Channel9.id, Jakarta – Puluhan ribu buruh dari berbagai penjuru negeri bersiap turun ke jalan pada Kamis, 28 Agustus 2025. Aksi nasional bertajuk HOSTUM (Hapus Outsourcing, Tolak Upah Murah) ini digalang Partai Buruh bersama koalisi serikat pekerja, termasuk Konfederasi Serikat Pekerja Indonesia (KSPI).
Di Jakarta, lebih dari 10 ribu buruh dari Karawang, Bekasi, Bogor, Depok, Tangerang, hingga DKI akan memadati kawasan DPR RI dan Istana. Gelombang serupa juga akan bergulir di kota-kota industri besar—dari Surabaya, Semarang, Bandung, Batam, hingga Medan dan Makassar.
Menurut Said Iqbal, Presiden KSPI sekaligus Presiden Partai Buruh, aksi ini bukan sekadar unjuk rasa, melainkan momentum menyuarakan ketidakadilan yang semakin menganga: di saat pekerja berjuang dengan upah minimum, wakil rakyat justru hidup dalam kemewahan.
“Seorang anggota DPR bisa mengantongi total Rp154 juta per bulan, termasuk tunjangan rumah Rp50 juta. Artinya, mereka menikmati lebih dari Rp3 juta per hari,” tegas Iqbal.
Bandingkan dengan buruh kontrak atau outsourcing di Jakarta yang hanya mendapat sekitar Rp5 juta per bulan—sekitar Rp150 ribu per hari. Di lapisan bawah, pekerja koperasi dan yayasan bahkan hanya digaji Rp1,5 juta per bulan, setara Rp50 ribu per hari. Lebih miris lagi, pengemudi ojek online sering kali hanya mampu membawa pulang Rp600 ribu sebulan, alias Rp20 ribu per hari.
“Jurang kesenjangan ini nyata. Buruh dan rakyat kecil hidup dalam ketidakpastian, sementara DPR bergelimang fasilitas dan jaminan pensiun seumur hidup,” ujar Iqbal.

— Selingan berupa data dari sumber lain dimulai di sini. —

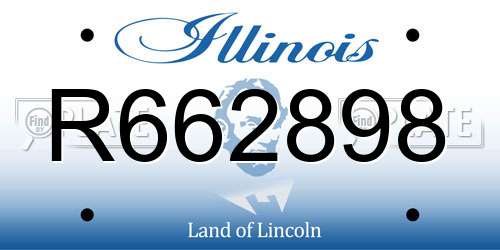 R662898 Illinois License Plate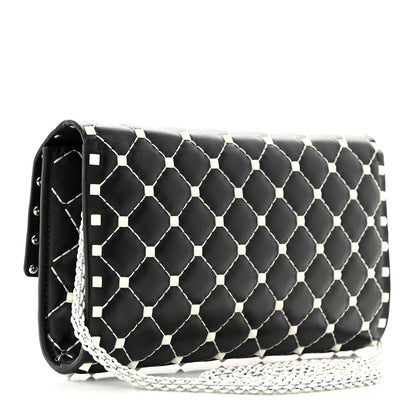Valentino Garavani Lambskin Free Rockstud Spike Wallet On Chain Black 3 of 12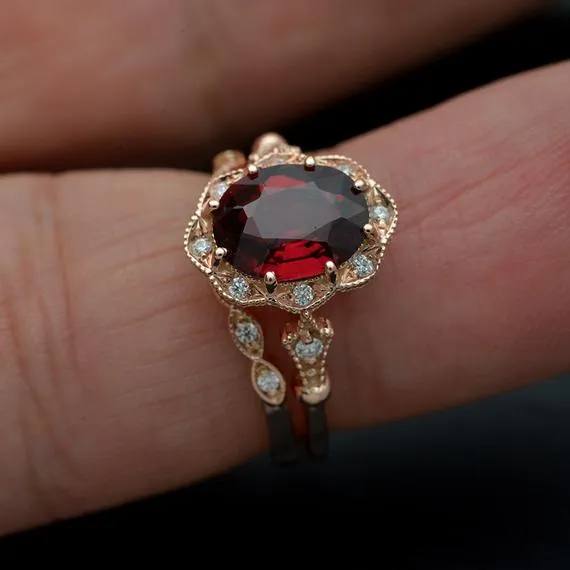 Red Garnet Daisy oval halo engagement ring vintage inspired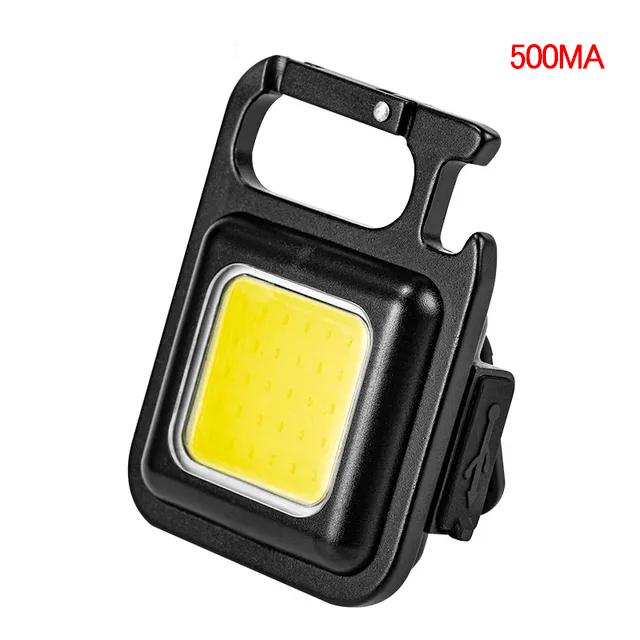 Mini LED Keychain Portable Work Light Pocket Flashlight USB Rechargeable Outdoor Camping Lamp With Window Hammer Bottle Opener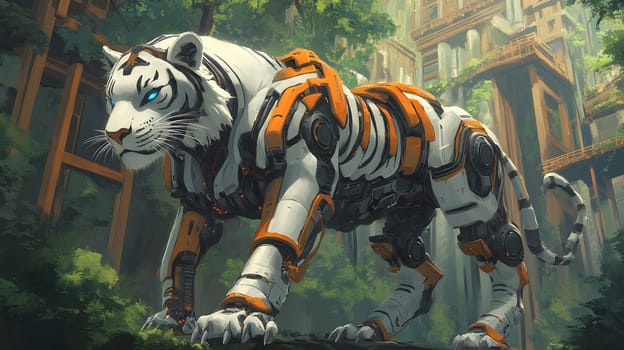 A futuristic robotic tiger in a lush, overgrown urban setting.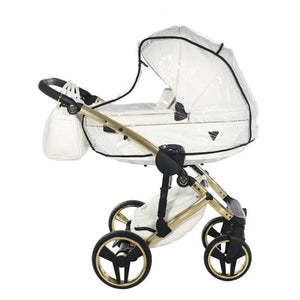 Junama Diamond 2 in 1 Pram - Flou Individual White & Gold Junama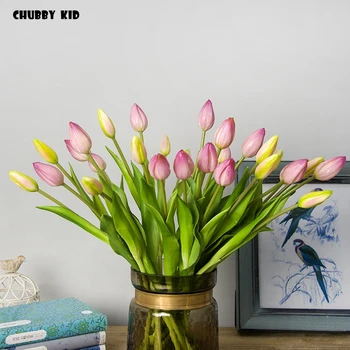 6 puokštės! didmeninė Aukštos modeliavimas minkštas plastiko tulpių žiedai vestuvių puokštė netikrą 7 vadovai tulip gėlių dirbtinės tulpės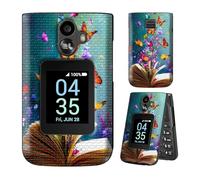 Dikoer for TCL Flip 3 T435 (2024) Phone Case with Tempered Glass Screen Protector Heavy Duty Grid Texture Rugged Shockproof Protective Cover for Women Men, Book Butterfly Blue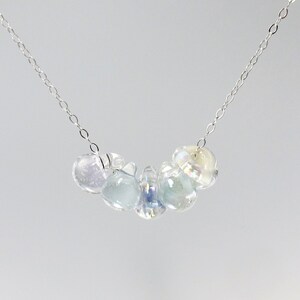 ice blue droplet necklace sterling silver hand blown borosilicate lamp work glass 17 inch minimalist layering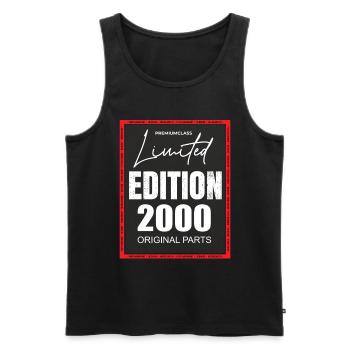 Limited Edition 2000 - Men's Premium Organic Tank Top - black - Front - Michal (187cm)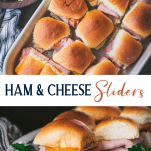 Long collage image of ham and cheese sliders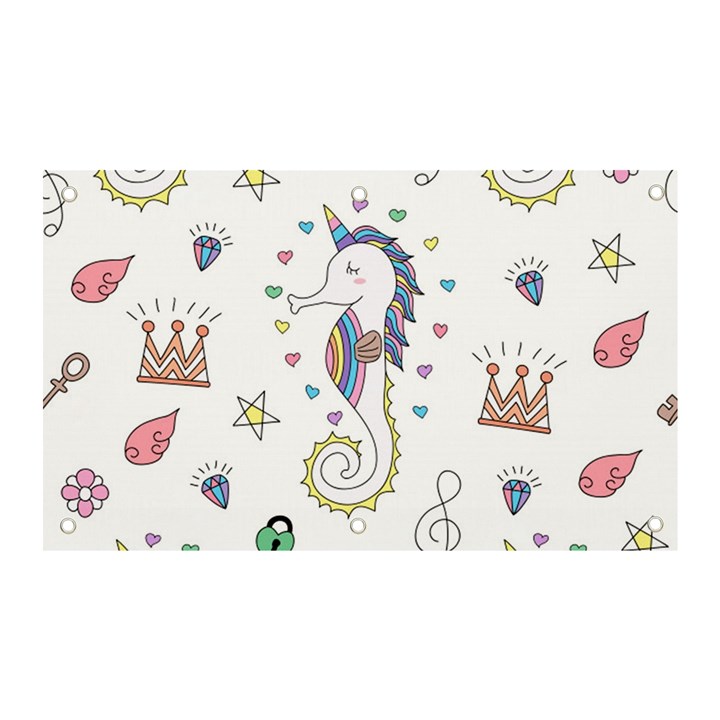 Seamless-pattern-cute-unicorn-cartoon-hand-drawn Banner and Sign 5  x 3 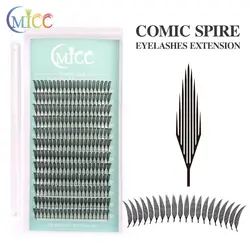 Cashmere Feather Individual Manga Eyelashes Automatic Flowering Cosplay Super Soft Feather Anime Comic Spire Lashes Speed Clips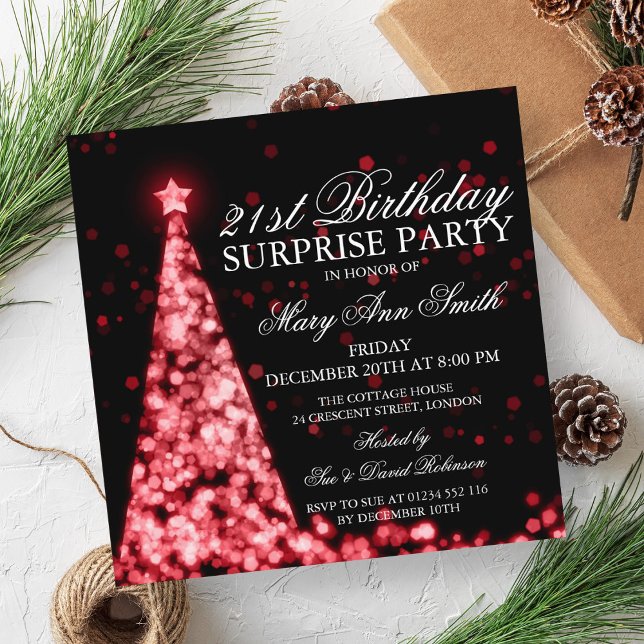 Invitación Luces de los Navidades de cumpleaños 21 de Red Sur (Red Surprise 21st Birthday Christmas Lights Invitation)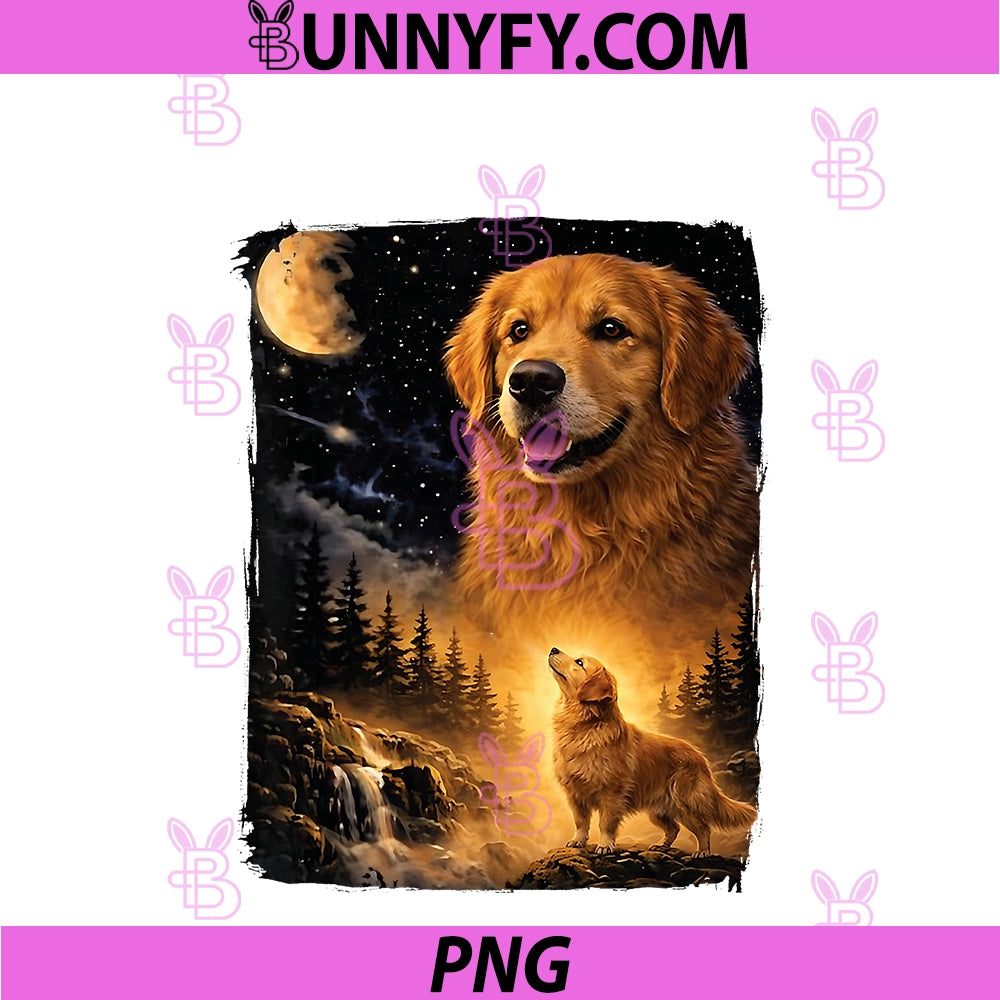 Vintage 90s Golden PNG, Retriever Howling At The Moon Dog Lover PNG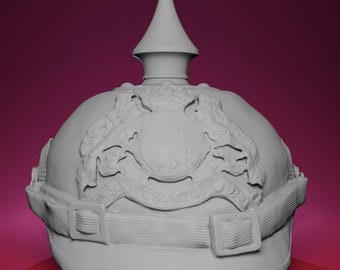 May include: A light gray Prussian Pickelhaube helmet with a tall, pointed spike on top. The helmet features a decorative emblem and a chin strap with buckles. The design is detailed and appears to be a 3D render.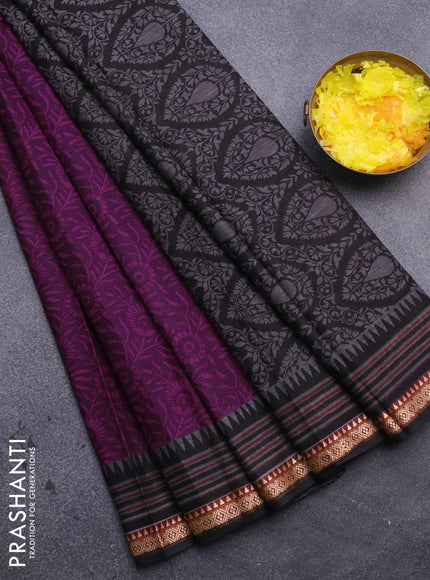 Muslin cotton saree purple and black with allover prints and thread woven border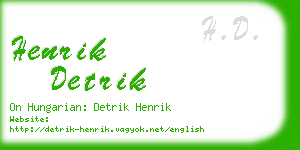 henrik detrik business card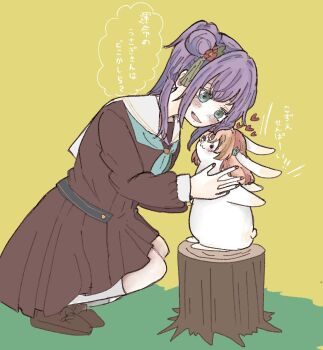 Rule 34 | 1girl, :3, :d, animal ears, animal with hair, animalization, aqua eyes, aqua neckerchief, blush, brown dress, cerise bouquet, closed mouth, dress, flower, hair bun, hair flower, hair ornament, hasu no sora school uniform, highres, hinoshita kaho, kneehighs, link! like! love live!, long hair, long sleeves, looking at animal, lop rabbit ears, love live!, mochi (mamelive228), neckerchief, open mouth, orange hair, otomune kozue, purple hair, rabbit, rabbit ears, rabbit hair ornament, red flower, sailor collar, sailor dress, school uniform, side ponytail, single side bun, smile, socks, solo, speech bubble, squatting, tassel, tassel hair ornament, translation request, virtual youtuber, white sailor collar, white socks, winter uniform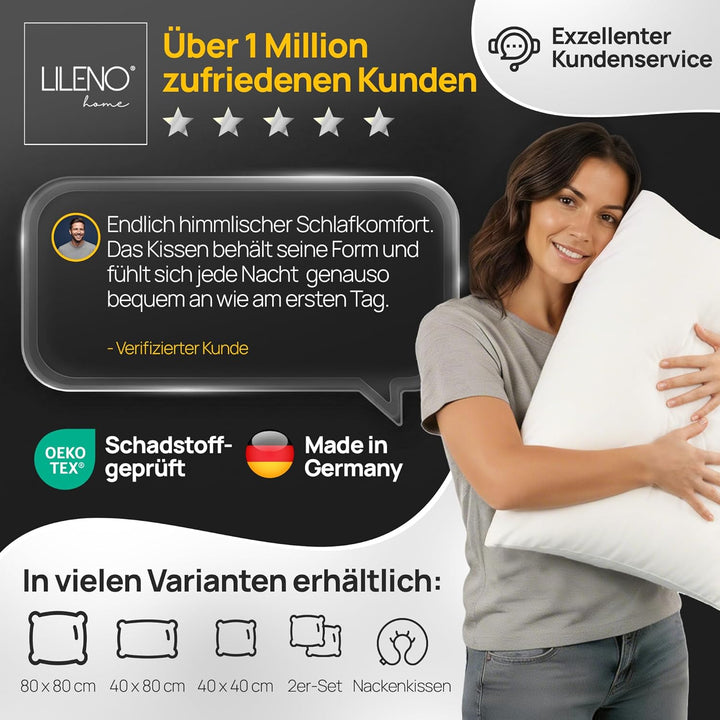 LILENO HOME Kopfkissen 40x60 cm [4er Set] als Kissen-Füllung - Bett oder Deko Kissen mit Reissversch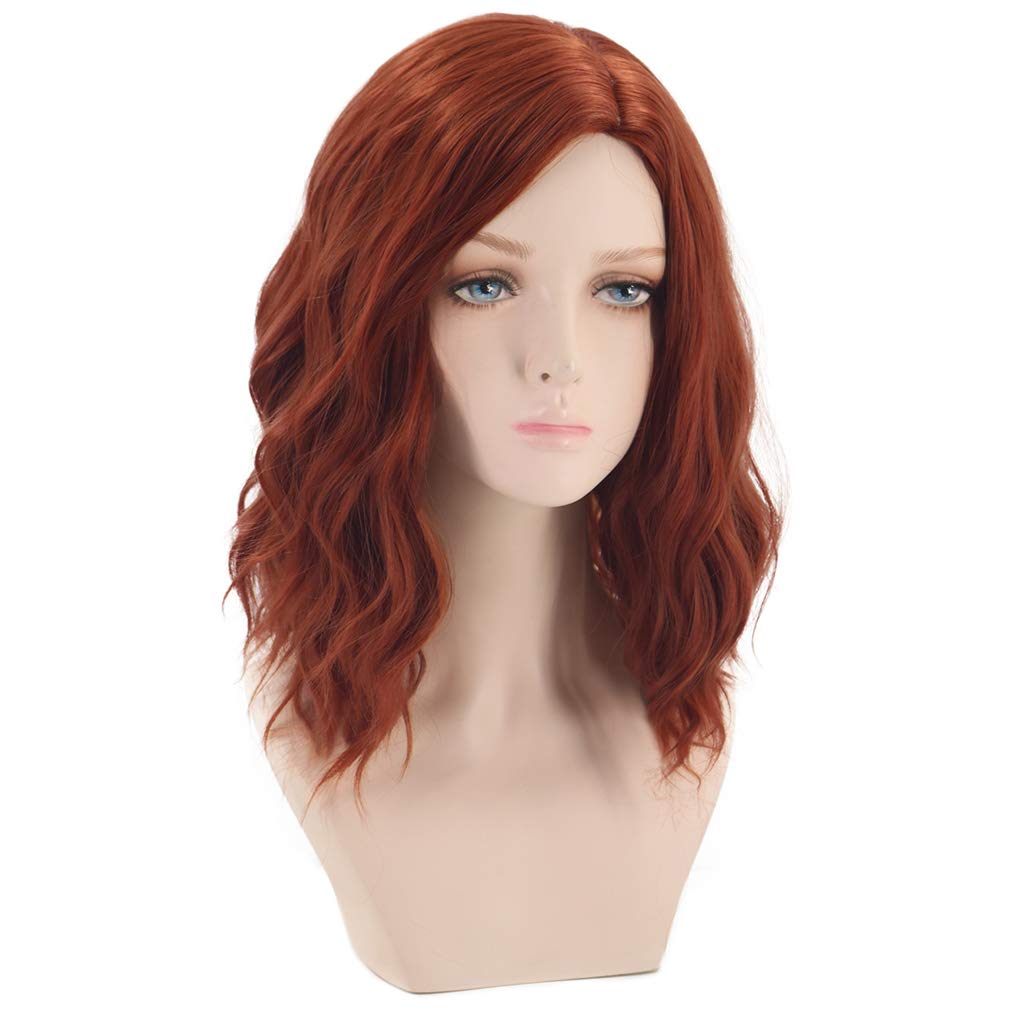 MAGQOO Dark Orange Wig Ginger Wig Short Curly Wavy Bob Wigs Women Girls Ginger Hair Wigs Synthetic Heat Resistant Halloween Cosplay Party Wig with Wig Cap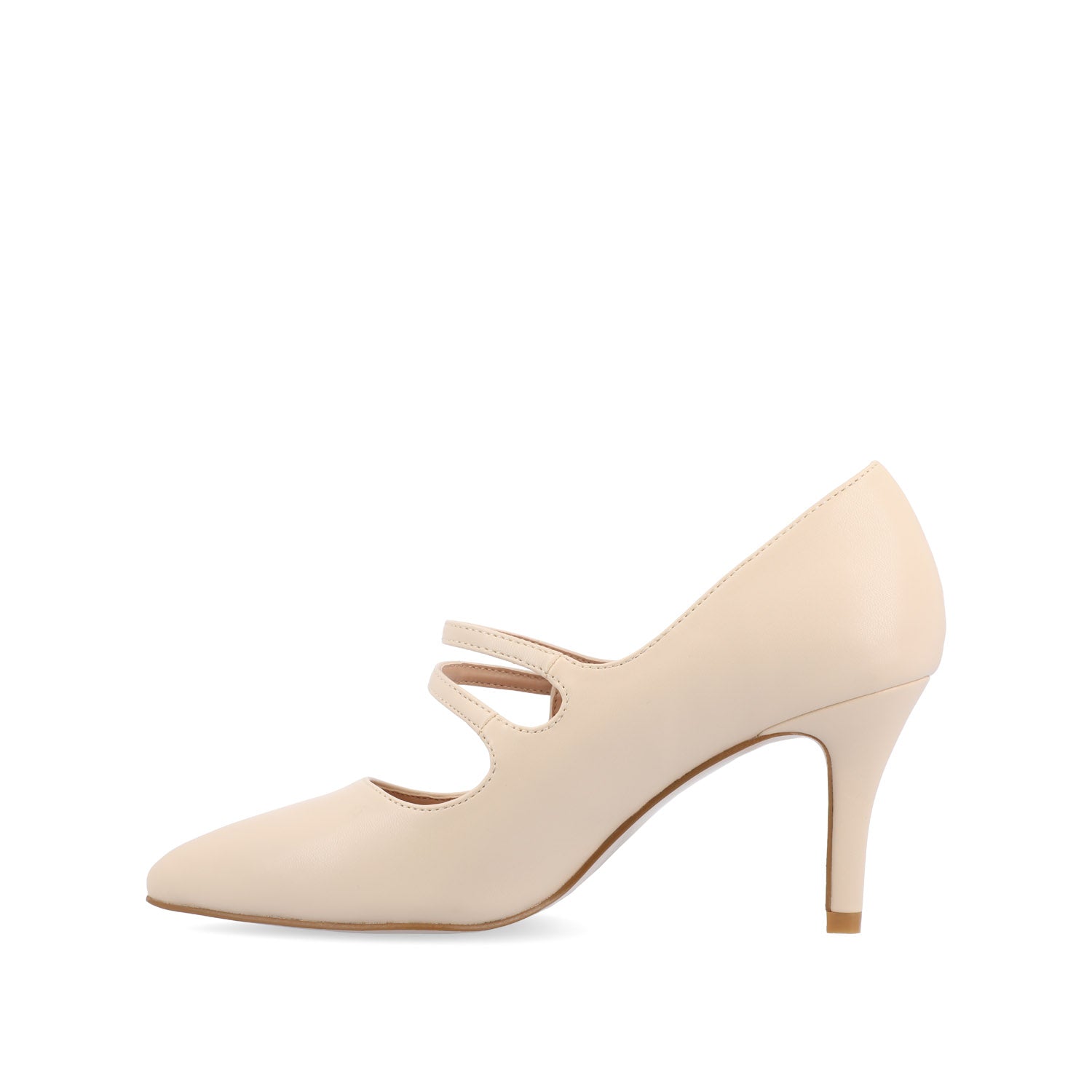 SIDNEY STILETTO PUMP HEELS IN VEGAN LEATHER - Ivory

Dua Tuntutan Utama: Upah Layak dan Hapus Outsourcing
Gerakan HOSTUM membawa dua agenda pokok. Pertama, menolak upah murah dengan menuntut kenaikan upah minimum nasional sebesar 8,5–10,5% pada 2026. Perhitungan ini, kata Iqbal, sesuai formula resmi Mahkamah Konstitusi Nomor 168 yang mengacu pada inflasi, pertumbuhan ekonomi, dan indeks tertentu.
Dengan inflasi diproyeksikan 3,26% dan pertumbuhan ekonomi 5,1–5,2%, buruh menilai kenaikan upah minimum tidak bisa lagi ditunda. Apalagi pemerintah sendiri mengklaim angka kemiskinan dan pengangguran menurun.
Kedua, menghapus praktik outsourcing. Meski Mahkamah Konstitusi telah menegaskan bahwa outsourcing hanya boleh untuk pekerjaan penunjang, praktik di lapangan justru makin meluas—bahkan di BUMN.
“Pekerjaan inti tidak boleh di-outsourcing. Pemerintah harus mencabut PP No. 35 Tahun 2021 yang melegalkan outsourcing secara luas,” tegas Iqbal.